TN Madan : Je voudrais demander une clarification concernant la première question qui a été soulevée. Je ne connais pas l’âge, le temps, la culture ou le pays où les gens n’ont pas senti qu’il y avait une crise morale. La question semble donc être qu’il faut d’abord définir quelle est la nature de notre crise morale ; Autrement, nous nous approchons trop de nos problèmes immédiats et de notre environnement immédiat et pensons que le nôtre est le pire des temps, que le meilleur des temps était dans le passé ; ou nous pensons en termes d’utopies. Donc, en premier lieu, pourrions-nous définir la nature de la crise morale ? Et un indice à cela pourrait résider dans ce que M. Thapar disait. Nous adhérons aux valeurs que nous jugeons bonnes, mais peut-être que ces valeurs n’existent plus parce que le monde s’est rétréci. Les valeurs de la communauté villageoise ne serviront pas la communauté mondiale. Nous semblons être pris dans une scission – une scission représentée par des changements qui nous sont imposés, et des systèmes de valeurs dont nous avons hérité et que nous pensons naturellement précieux. Comment pouvons-nous résoudre ce dilemme entre un monde qui rétrécit que nous devons accepter et le monde des valeurs que nous ne voulons pas quitter, ne veulent pas s’éloigner?

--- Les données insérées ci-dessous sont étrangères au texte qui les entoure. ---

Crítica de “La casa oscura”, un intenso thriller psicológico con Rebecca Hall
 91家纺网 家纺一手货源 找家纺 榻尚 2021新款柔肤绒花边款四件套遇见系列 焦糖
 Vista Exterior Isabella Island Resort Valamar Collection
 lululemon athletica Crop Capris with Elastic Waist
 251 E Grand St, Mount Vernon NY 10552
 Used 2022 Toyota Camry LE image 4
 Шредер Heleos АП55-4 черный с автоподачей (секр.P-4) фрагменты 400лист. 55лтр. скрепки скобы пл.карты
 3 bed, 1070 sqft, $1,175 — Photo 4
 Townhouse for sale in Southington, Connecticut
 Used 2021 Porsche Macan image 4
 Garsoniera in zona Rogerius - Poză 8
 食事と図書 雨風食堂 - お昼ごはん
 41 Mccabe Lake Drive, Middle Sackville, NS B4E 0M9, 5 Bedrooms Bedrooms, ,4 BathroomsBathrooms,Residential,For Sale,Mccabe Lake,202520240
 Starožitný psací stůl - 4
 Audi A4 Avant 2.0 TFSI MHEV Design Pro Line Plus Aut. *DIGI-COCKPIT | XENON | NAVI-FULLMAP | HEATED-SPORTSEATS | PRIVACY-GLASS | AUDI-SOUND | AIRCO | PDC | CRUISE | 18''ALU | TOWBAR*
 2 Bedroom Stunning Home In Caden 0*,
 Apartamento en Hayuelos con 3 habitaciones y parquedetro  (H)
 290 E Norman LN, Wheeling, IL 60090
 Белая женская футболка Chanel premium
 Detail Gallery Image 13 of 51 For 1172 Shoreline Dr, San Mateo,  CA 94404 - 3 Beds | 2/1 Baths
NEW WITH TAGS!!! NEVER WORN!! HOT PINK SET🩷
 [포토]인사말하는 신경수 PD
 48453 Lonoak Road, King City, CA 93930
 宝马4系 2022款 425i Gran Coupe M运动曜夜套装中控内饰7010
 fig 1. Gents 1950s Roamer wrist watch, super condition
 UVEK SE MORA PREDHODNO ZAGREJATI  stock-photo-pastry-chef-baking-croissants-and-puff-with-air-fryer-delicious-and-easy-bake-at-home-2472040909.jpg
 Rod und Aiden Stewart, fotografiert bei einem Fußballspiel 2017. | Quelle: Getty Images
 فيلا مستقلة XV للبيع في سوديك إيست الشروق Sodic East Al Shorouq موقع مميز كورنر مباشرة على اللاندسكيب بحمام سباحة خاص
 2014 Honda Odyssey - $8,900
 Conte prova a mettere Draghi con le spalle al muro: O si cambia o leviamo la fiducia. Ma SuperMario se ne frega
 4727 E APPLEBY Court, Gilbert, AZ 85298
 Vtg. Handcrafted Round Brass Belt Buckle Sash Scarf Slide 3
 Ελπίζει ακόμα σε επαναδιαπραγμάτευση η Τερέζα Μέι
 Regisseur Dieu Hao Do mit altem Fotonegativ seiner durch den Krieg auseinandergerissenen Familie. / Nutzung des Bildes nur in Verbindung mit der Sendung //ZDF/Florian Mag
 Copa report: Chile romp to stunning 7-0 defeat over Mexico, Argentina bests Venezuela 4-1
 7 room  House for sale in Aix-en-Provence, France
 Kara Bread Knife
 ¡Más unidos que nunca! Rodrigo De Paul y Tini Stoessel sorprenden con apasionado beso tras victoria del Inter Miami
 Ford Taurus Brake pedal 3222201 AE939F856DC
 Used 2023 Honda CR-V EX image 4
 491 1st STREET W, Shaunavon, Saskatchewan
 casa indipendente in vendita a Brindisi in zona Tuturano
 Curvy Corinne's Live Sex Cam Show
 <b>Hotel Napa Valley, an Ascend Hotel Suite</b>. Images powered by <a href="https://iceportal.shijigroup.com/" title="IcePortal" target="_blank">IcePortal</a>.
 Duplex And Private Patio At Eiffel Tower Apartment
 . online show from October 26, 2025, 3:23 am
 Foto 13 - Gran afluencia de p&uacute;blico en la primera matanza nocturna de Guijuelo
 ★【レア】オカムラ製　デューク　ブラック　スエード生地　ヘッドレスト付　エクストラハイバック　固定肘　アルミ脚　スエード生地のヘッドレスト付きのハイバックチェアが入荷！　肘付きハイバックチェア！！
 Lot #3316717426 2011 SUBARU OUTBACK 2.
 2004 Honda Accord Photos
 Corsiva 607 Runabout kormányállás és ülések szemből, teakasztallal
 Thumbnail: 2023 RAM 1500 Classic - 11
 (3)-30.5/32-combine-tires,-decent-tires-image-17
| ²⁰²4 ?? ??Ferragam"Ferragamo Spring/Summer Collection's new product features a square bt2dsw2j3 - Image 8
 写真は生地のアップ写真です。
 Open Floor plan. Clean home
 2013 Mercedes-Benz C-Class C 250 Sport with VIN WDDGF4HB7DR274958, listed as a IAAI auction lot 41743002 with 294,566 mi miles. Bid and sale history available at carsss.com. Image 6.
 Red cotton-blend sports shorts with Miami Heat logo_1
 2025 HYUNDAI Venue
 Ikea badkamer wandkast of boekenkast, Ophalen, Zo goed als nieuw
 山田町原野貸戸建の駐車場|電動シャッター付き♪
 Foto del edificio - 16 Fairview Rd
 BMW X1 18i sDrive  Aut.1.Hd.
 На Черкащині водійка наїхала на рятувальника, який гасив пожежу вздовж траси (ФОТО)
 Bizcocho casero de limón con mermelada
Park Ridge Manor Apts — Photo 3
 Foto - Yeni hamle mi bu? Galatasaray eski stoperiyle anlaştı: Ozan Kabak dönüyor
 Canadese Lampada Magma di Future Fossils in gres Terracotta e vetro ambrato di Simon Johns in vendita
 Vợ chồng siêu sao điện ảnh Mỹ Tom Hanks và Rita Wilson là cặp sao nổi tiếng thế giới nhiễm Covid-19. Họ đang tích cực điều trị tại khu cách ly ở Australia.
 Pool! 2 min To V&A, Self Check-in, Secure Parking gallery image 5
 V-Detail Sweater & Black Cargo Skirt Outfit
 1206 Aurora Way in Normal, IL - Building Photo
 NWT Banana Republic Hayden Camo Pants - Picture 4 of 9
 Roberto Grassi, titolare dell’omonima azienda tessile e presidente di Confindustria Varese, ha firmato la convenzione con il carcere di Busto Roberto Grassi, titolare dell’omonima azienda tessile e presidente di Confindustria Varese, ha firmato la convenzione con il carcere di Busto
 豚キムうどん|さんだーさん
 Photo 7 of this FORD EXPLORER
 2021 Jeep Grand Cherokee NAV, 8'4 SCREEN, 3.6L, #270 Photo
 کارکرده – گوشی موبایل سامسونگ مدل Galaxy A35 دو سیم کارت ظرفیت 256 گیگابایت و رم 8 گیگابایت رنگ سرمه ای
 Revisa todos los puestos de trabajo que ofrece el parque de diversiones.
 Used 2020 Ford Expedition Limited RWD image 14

Rajni Kothari : Monsieur, je dirais qu’un sentiment de crise morale est apparu de tous temps essentiellement lorsque les institutions s’effondrent. Il y a beaucoup de points de vue sur la crise actuelle. La première est que nous traversons une période de transformation si rapide que cette crise est inévitable ; Par conséquent, nous devrons restructurer tout cela à un moment donné. Je ne vois pas clairement les contours d’un système alternatif, d’une nouvelle manière de restructurer l’activité humaine ou l’intellect humain, et comme il n’y a rien qui prenne la place de ce qui s’effondre, ce sentiment de crise morale est venu.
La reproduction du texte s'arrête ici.